After several rounds, SpaceX was awarded a $2.9 billion contract in April — prompting protests and a lawsuit against NASA by Blue Origin.

NASA's hands were tied with extremely limited funding from Congress and ended up choosing the lowest bidder. Blue Origin however chose a different negotiation tactic, pitching its Blue Moon lander for almost twice as much: $5.9 billion.

In the documents obtained by The Verge, NASA argued in May that Blue Origin was acting in bad faith and chose to come in at a much higher bid with the expectation of NASA negotiating them down.

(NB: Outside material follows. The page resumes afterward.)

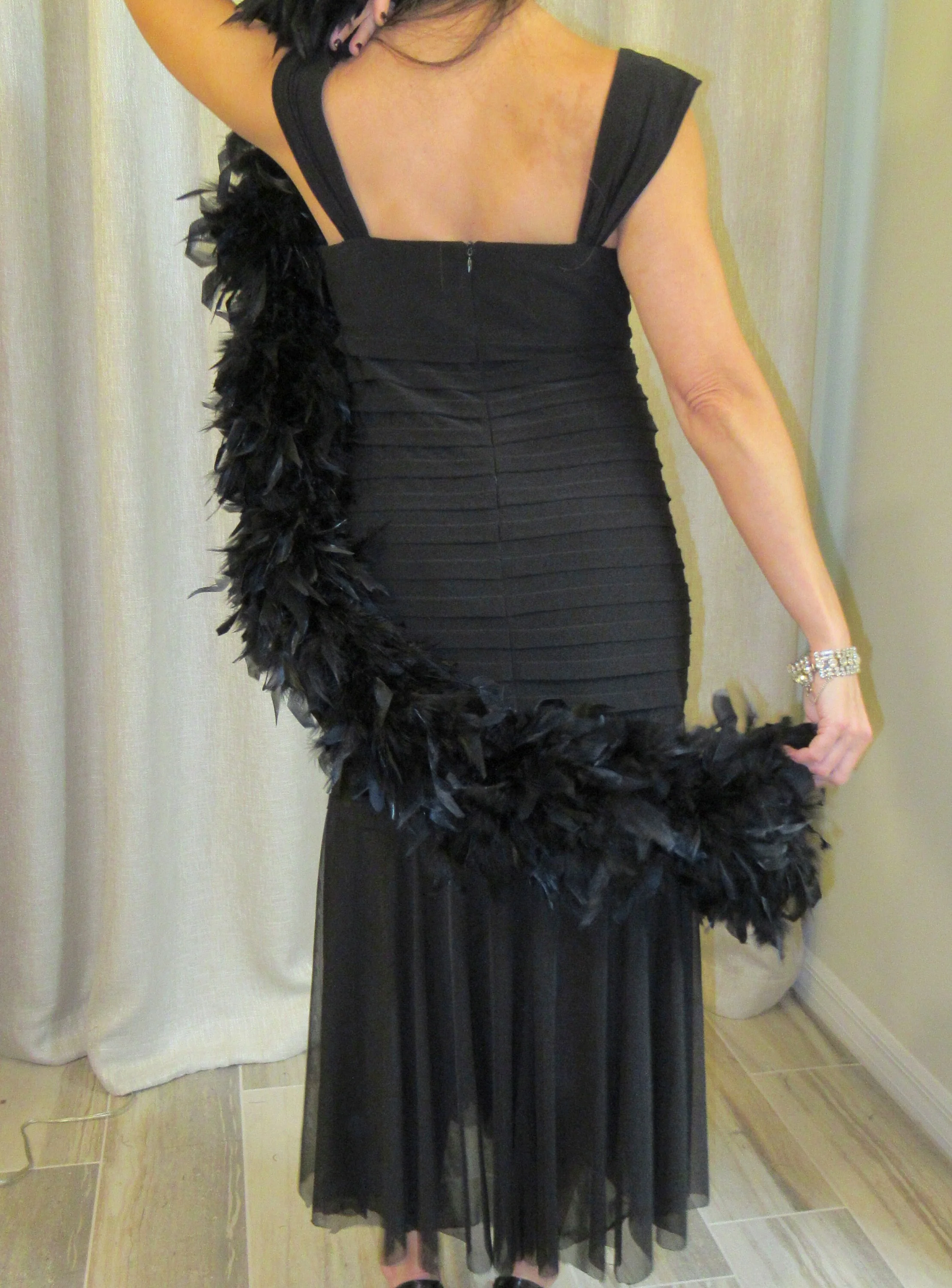 ] Party Dress R and M Richards Black 19's Inspired Low V-Neck Side Rhinestone Brooches Sheer Mermaid Soft Ruffle Bodycon Made Usa by R & M Richards - Image 2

Blue Origin was convinced that NASA would have enough money from Congress to cover its steep asking price — but that couldn't have been further from the truth, with lawmakers putting NASA's project to return to the Moon under restrictive financial constraints.

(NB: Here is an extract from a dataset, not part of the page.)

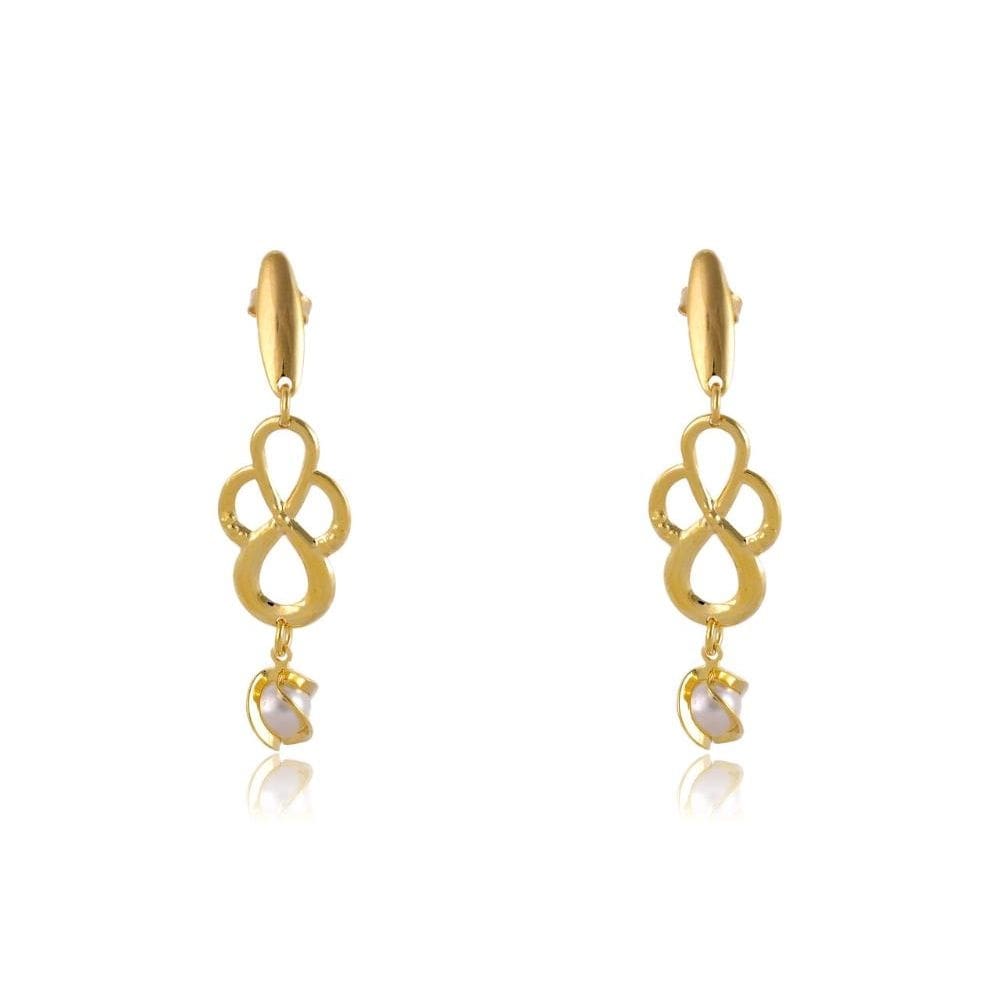 Brinco Médio Trabalhado Com Pérola Trabalhada Folheado [F027]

The Bezos-led company argued that it should've changed the terms of the contract once it was clear Congress was only going to give it a fraction of what it requested, according to The Verge.

NASA wasn't convinced at all by that argument, calling the space company out for making a bet that "it lost" in the documents.

"Realizing now that it gambled and lost, Blue Origin seeks to use GAO’s procurement oversight function to improperly compel NASA to suffer the consequences of Blue Origin’s ill-conceived choices," the space agency's attorney wrote in a May report, as quoted by The Verge.

Even Bezos sweetening the deal with a $2 billion discount in July didn't sway NASA's leadership.

Blue Origin also tried to argue that SpaceX wasn't implementing proper safety reviews ahead of each rocket launch during Starship prototype testing. SpaceX CEO Elon Musk dismissed the argument arguing in a tweet last week that "we always do flight readiness reviews! This argument makes no sense."

So where does all of this leave NASA's Artemis program? Blue Origin's lawsuit has already been a huge setback for the agency's ambitious plans.

Now, either the court finds that NASA gave SpaceX unfair treatment or that Blue Origin's protests are null — two possibilities with drastically different outcomes.

And the stakes are higher than ever. SpaceX and NASA could soon resume meaningful progress on the Starship launch vehicle — or the entire contract could have to be redone in its entirety, which could represent a huge blow for the agency's efforts to return astronauts to the Moon.

READ MORE: Blue Origin ‘gambled’ with its Moon lander pricing, NASA says in legal documents [The Verge]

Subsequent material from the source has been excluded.